**What this task involves**: Every line below from the one containing "Die Araber und" through the one containing "ADHD. Iperattivit&agrave; e" is to be printed exactly, with the pictures omitted.

**Given entries**:
* * * *
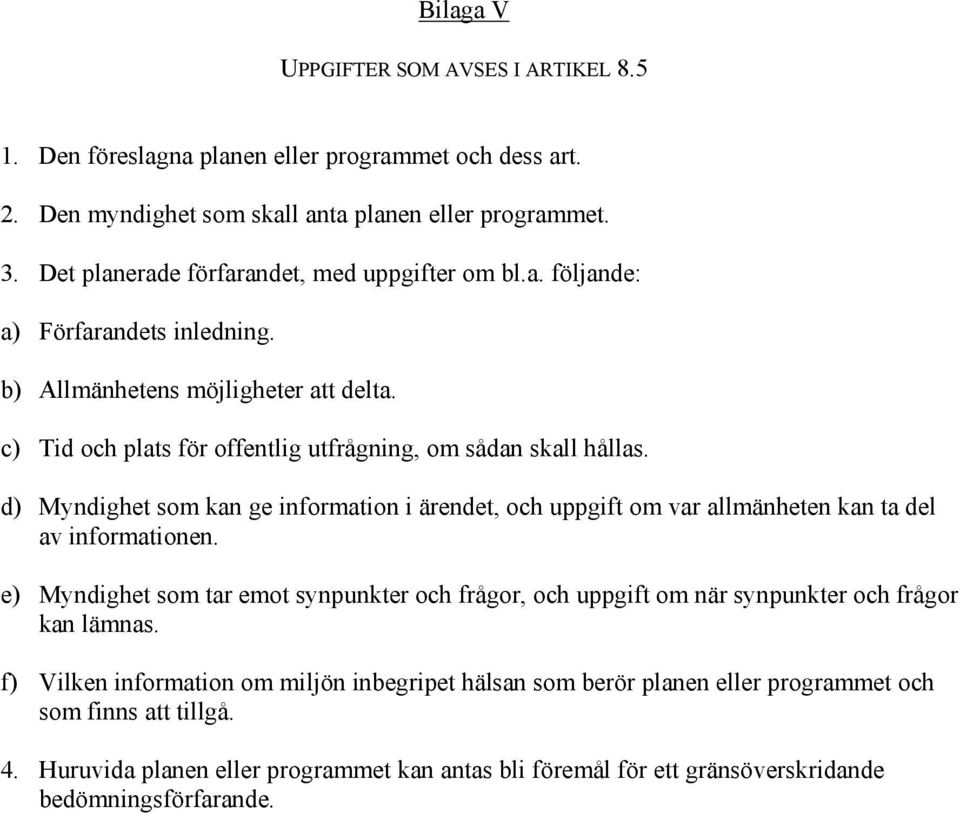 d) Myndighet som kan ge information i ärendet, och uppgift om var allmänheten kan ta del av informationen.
* * * *
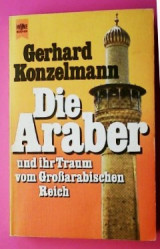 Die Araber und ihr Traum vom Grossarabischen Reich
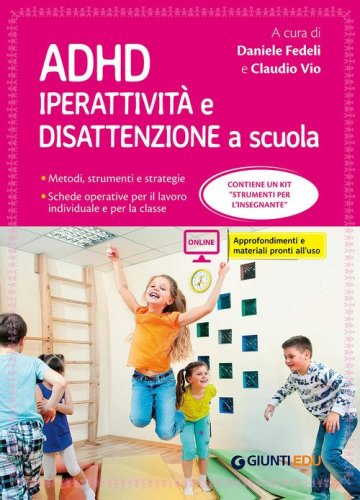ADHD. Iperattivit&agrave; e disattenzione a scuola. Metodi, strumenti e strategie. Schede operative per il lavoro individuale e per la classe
* * * *
**The answer**:
 Die Araber und ihr Traum vom Grossarabischen Reich
ADHD. Iperattivit&agrave; e disattenzione a scuola. Metodi, strumenti e strategie. Schede operative per il lavoro individuale e per la classe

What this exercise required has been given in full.